(Items from a dataset)
------------------------
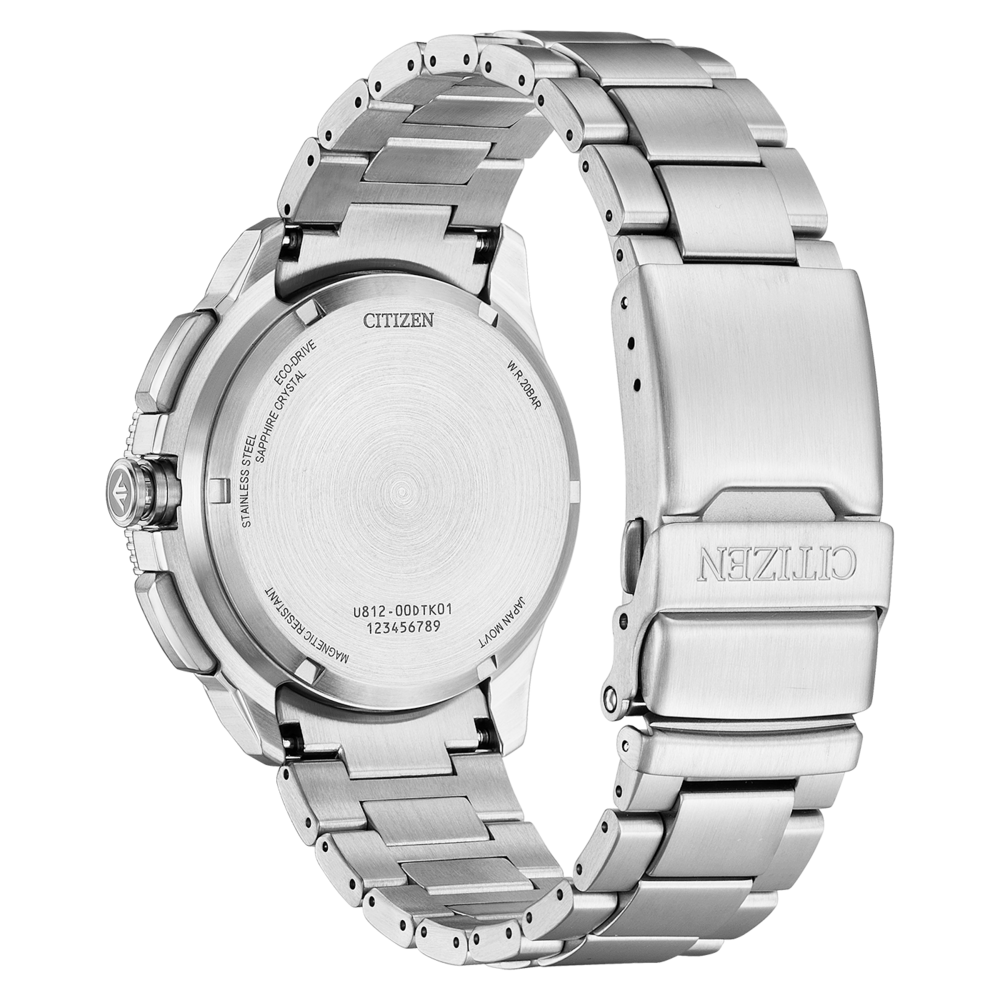 Rückansicht einer Citizen-Uhr aus Edelstahl mit Eco-Drive.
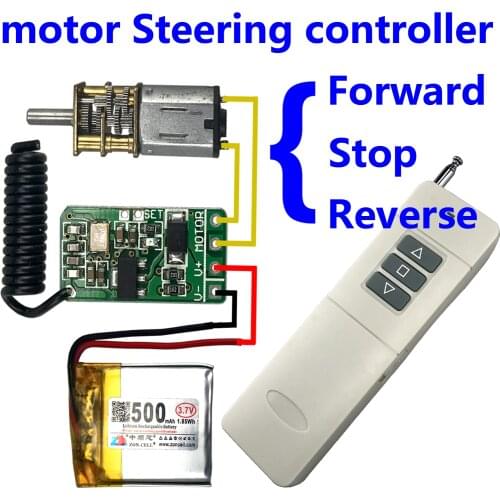 Wireless remote control switch 433mhz rf transmitter receiver 3.7v 5v 9v 12v motor Forward Reverse steering Controller module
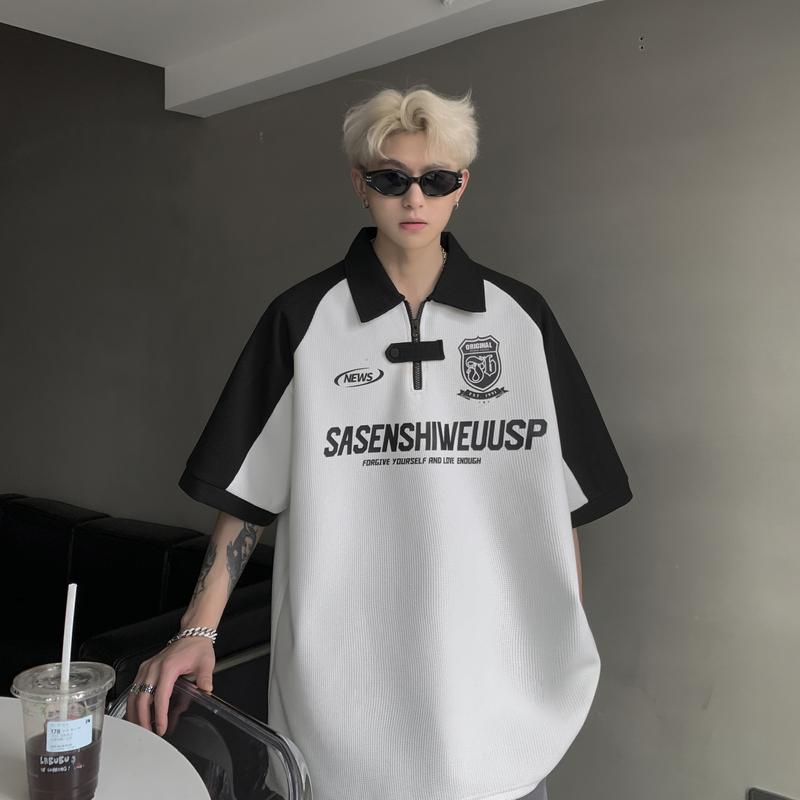 メンズ カジュアル 半袖 ポロシャツ 夏 薄手 カラーブロック アメリカン レトロ ストリート ゆったり 襟 半袖 Tシャツ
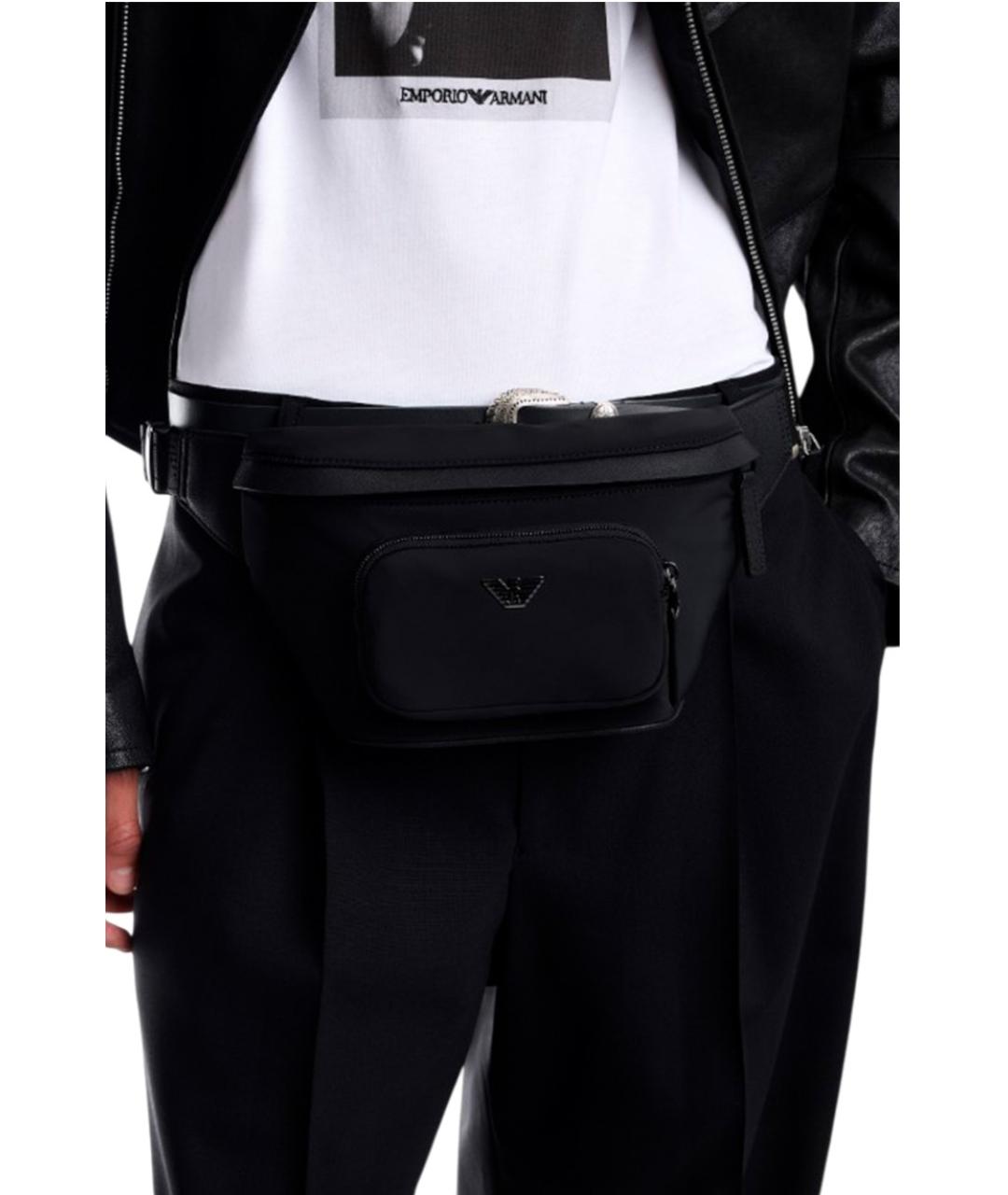 EMPORIO ARMANI Черная синтетическая поясная сумка, фото 4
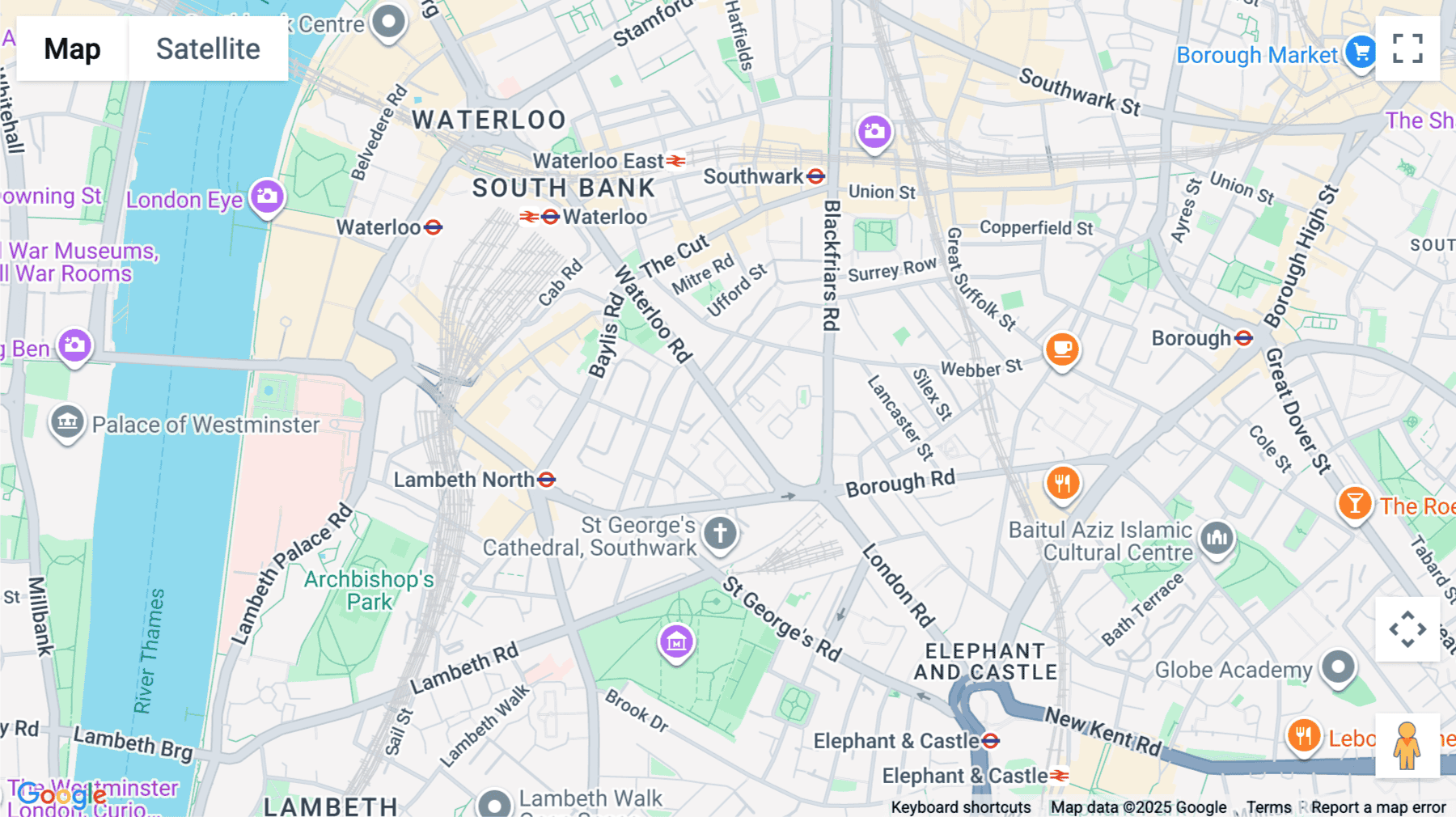 Click for interative map of Waterloo House, 207 Waterloo Road, London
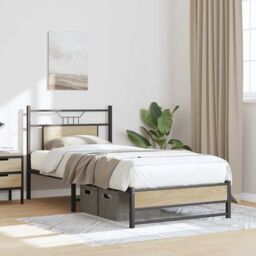 Berkfield Home Bed Frame without Mattress Sonoma Oak 90x200 cm Engineered Wood in Brown - thumbnail 5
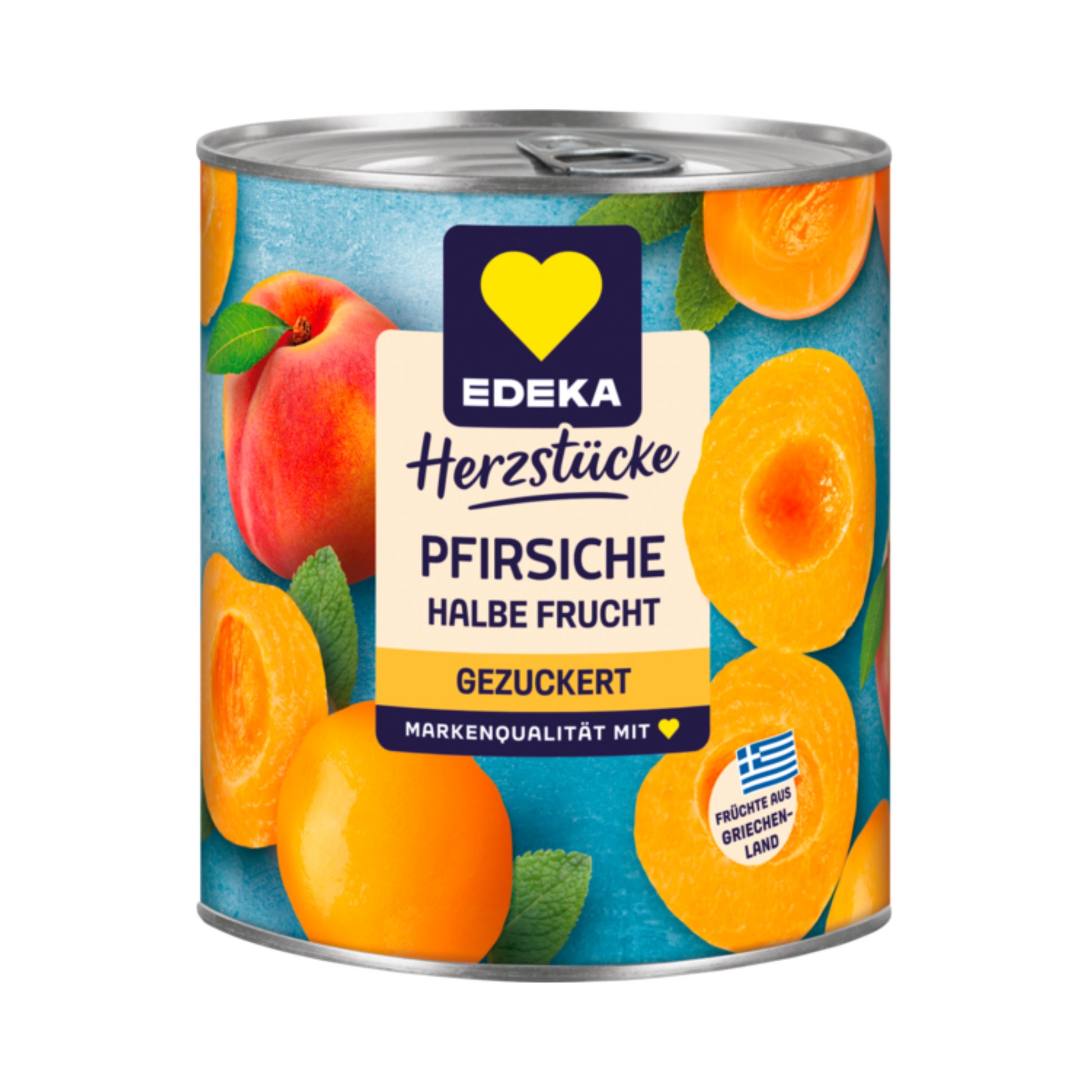 EDEKA Pfirsiche halbe Frucht gezuckert 820g foodpipe [Lebensmittel-Lieferservice Rostock]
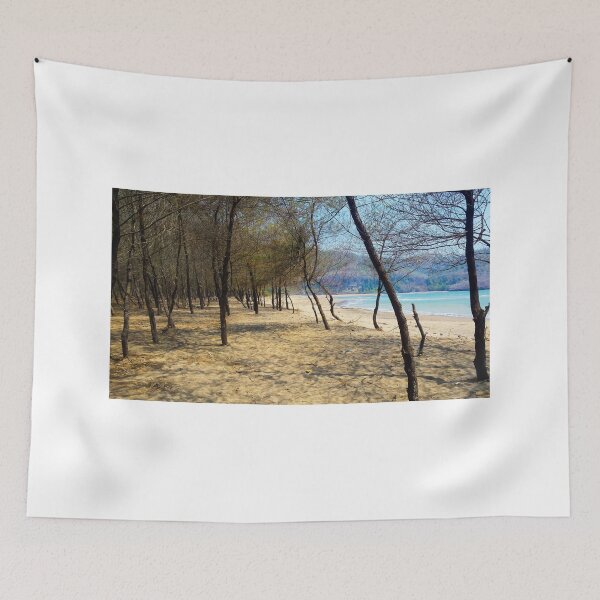 Item preview, Pine tree forest at Pacitan beach with mountain in backround designed and sold by kall3bu.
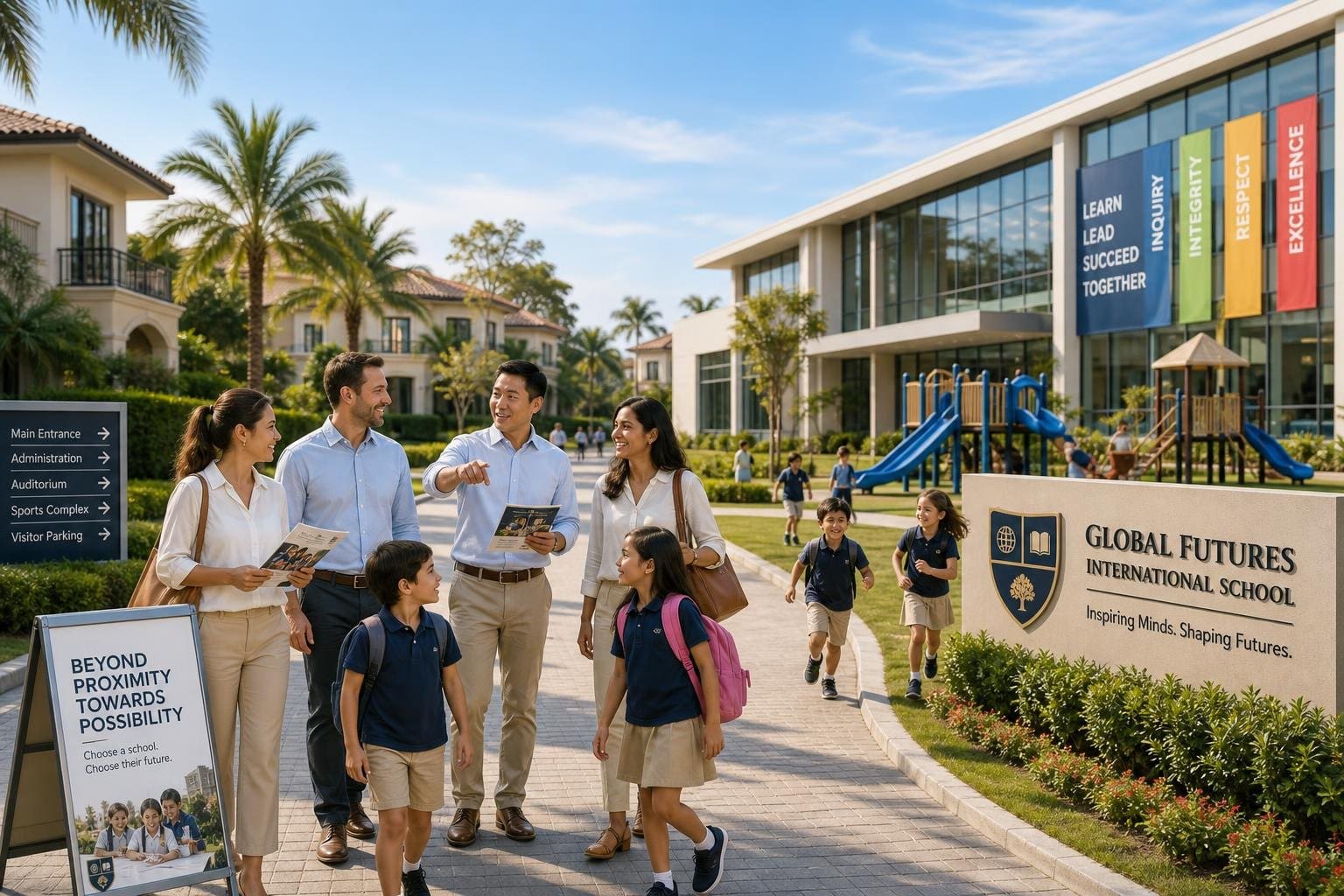 Parents and children walking near a modern international school in a green residential neighborhood, with school buildings and playground visible.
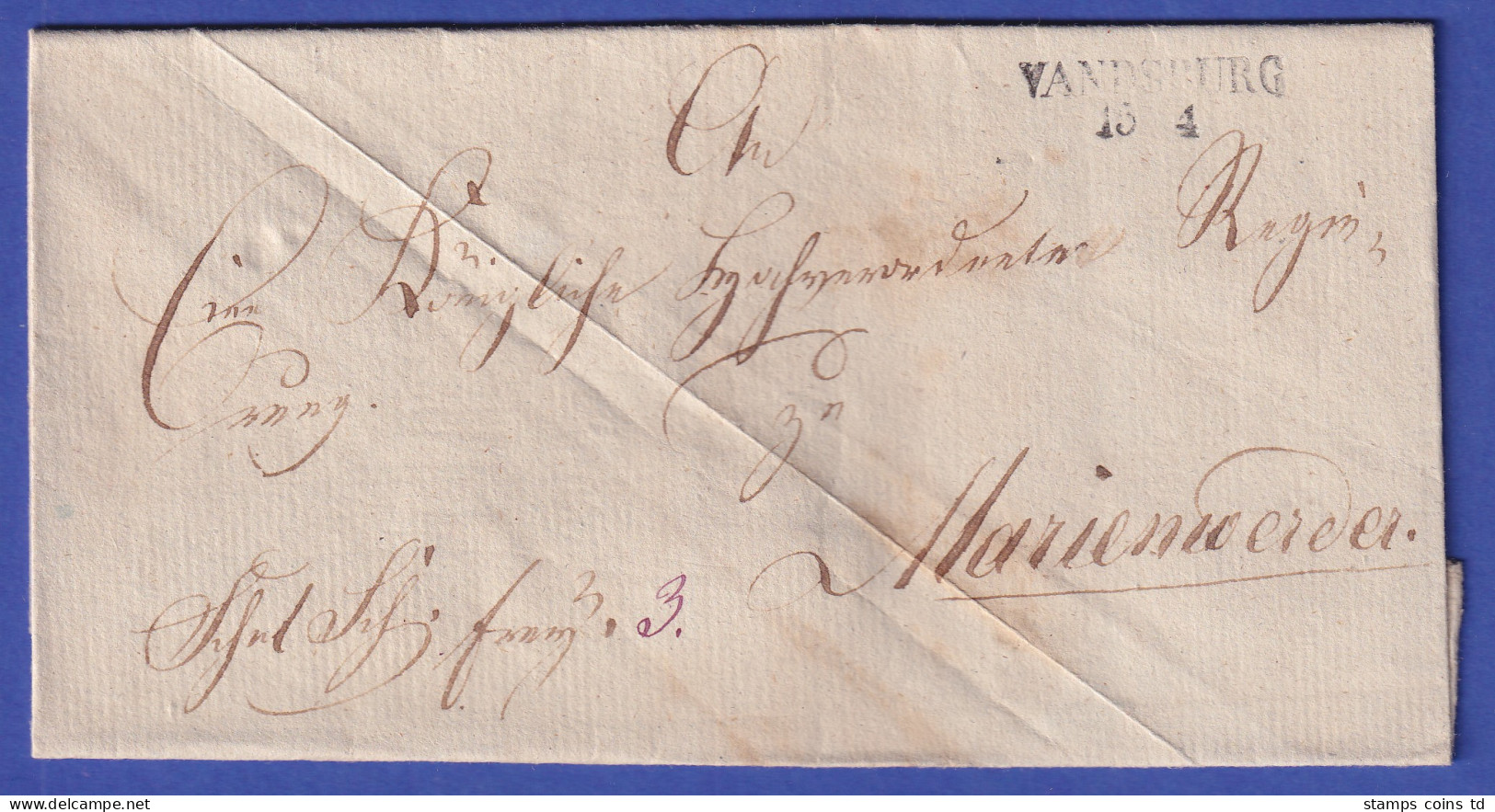 Preußen Vorphila-Brief Mit Zweizeiler VANDSBURG, Nach 1825 - Sonstige & Ohne Zuordnung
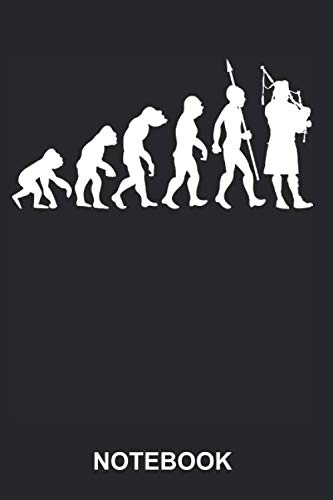 Notebook: Bagpipes Bagpiper Player Bagpiping Scottish Musician Music Scotland Funny Cute Evolution | Diary, Notebook and Journal | Size 6" x 9" | 120 Lined Pages | Softcover | Blank Wide Ruled Paper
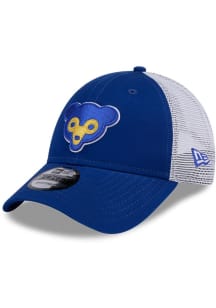 New Era Chicago Cubs Retro Evergreen Trucker 9FORTY Adjustable Hat - Blue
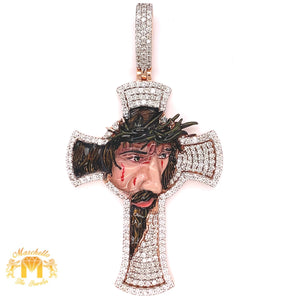 Gold and Diamond XL Enamel Jesus Face Cross Pendant with round diamonds (Solid Back)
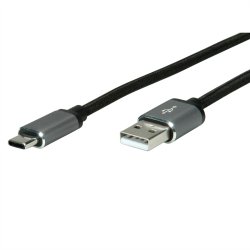 ROLINE USB 2.0 Cable, C - A, M/M, black, 1.8 m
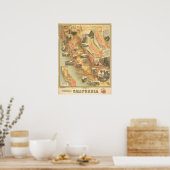 ヴィンテージ,アンティークカリフォルニアの地図,レトロ ポスター (キッチン)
------------------------
What you should do: Faithful copy, images left out: write out every line of data.

Result of this exercise:
 Rückansicht einer Citizen-Uhr aus Edelstahl mit Eco-Drive.
 Wireless remote control switch 433mhz rf transmitter receiver 3.7v 5v 9v 12v motor Forward Reverse steering Controller module
 メンズ カジュアル 半袖 ポロシャツ 夏 薄手 カラーブロック アメリカン レトロ ストリート ゆったり 襟 半袖 Tシャツ
 EMPORIO ARMANI Черная синтетическая поясная сумка, фото 4
 Click for interative map of Waterloo House, 207 Waterloo Road, London
 Berkfield Home Bed Frame without Mattress Sonoma Oak 90x200 cm Engineered Wood in Brown - thumbnail 5
 EDEKA Pfirsiche halbe Frucht gezuckert 820g foodpipe [Lebensmittel-Lieferservice Rostock]
 Item preview, Pine tree forest at Pacitan beach with mountain in backround designed and sold by kall3bu.
 Parents and children walking near a modern international school in a green residential neighborhood, with school buildings and playground visible.
 Preußen Vorphila-Brief Mit Zweizeiler VANDSBURG, Nach 1825 - Sonstige & Ohne Zuordnung
 Notebook: Bagpipes Bagpiper Player Bagpiping Scottish Musician Music Scotland Funny Cute Evolution | Diary, Notebook and Journal | Size 6" x 9" | 120 Lined Pages | Softcover | Blank Wide Ruled Paper
 New Era Chicago Cubs Retro Evergreen Trucker 9FORTY Adjustable Hat - Blue
 Gold and Diamond XL Enamel Jesus Face Cross Pendant with round diamonds (Solid Back)
 ROLINE USB 2.0 Cable, C - A, M/M, black, 1.8 m
 ヴィンテージ,アンティークカリフォルニアの地図,レトロ ポスター (キッチン)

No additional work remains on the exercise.